Au retour, l’étude du vélo et de ses freins qui lâchent a pu être élucidée. Un des patins du frein avant a « glissé » sous la bande de freinage et le frein arrière freinait au premier abord mais pas assez pour ralentir un vélo chargé, en descente, sous la pluie. La prochaine fois ce sera en disque pour tout le monde, toujours avec un casque et une couverture de survie.

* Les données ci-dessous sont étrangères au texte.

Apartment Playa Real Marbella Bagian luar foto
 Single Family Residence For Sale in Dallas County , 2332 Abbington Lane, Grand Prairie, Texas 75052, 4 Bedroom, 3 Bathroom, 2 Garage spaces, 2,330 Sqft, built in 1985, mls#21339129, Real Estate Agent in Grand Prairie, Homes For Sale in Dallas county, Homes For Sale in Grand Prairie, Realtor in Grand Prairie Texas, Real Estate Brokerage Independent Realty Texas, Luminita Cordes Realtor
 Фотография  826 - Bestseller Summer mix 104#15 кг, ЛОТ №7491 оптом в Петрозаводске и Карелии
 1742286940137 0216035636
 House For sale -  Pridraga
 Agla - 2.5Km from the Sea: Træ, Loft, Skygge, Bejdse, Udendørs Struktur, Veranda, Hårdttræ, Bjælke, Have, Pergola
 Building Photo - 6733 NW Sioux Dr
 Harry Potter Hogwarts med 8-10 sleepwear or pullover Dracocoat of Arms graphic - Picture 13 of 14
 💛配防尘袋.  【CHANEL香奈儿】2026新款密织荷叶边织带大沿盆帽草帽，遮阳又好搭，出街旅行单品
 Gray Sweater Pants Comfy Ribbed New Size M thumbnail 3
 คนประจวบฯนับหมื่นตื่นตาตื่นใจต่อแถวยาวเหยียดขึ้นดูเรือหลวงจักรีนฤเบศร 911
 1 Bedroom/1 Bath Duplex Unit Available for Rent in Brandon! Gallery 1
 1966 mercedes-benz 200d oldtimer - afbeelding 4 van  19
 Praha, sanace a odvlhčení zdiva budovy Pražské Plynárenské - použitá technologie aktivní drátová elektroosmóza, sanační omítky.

Malgré la fin catastrophique, la première partie du trip au Pays de Galles a été un bon moment. Nous avons quand même profité au maximum, il ne restait que 30 km à faire pour arriver au bout, mais on ne retiens que les bons moments, le reste fait partie de l’aventure et nous permettra de ne pas oublier notre séjour. Et comme a dit Bouddha, c’est le trajet qui compte et non la destination.

Au delà de ça, le Pays de Galles est une région très intéressante pour y poser ses roues. Les paysages se partagent entre la campagnes britanniques typiques, quelques forêts anecdotiques, et les grandes étendues désertes qui se laisseraient confondre avec l’Ecosse. La traversée est accessible, les chemins sont plaisants. Lorsque j’ai récupéré les vélos, j’ai suivi notre trace et c’était bien moins intéressant en voiture. Les gallois sont très accueillants et cordiaux sur la route, il faut juste bien assimiler qu’il faut rouler à gauche, ce qui est plus difficile à vélo qu’en voiture. La nourriture est bon marché avec quelques spécialités appréciables comme le porridge et les gâteaux gallois, une espèce de pancake avec une pâte plus sablée. Après il ne faut pas oublier que le Pays de Galles est un vide humain, il n’est pas toujours évident de trouver de la nourriture et de l’eau et il n’y a du réseau que dans les villes, il faut donc prendre ses dispositions.

Le fait le plus typique lors de cette traversée, au delà du paysage, ce sont les moutons. Ils vous accompagnent sur tout le trajet et je me faisais la réflexion qu’en fait on traverse majoritairement l’espace des moutons et que c’est l’espace des hommes qui est clôturé.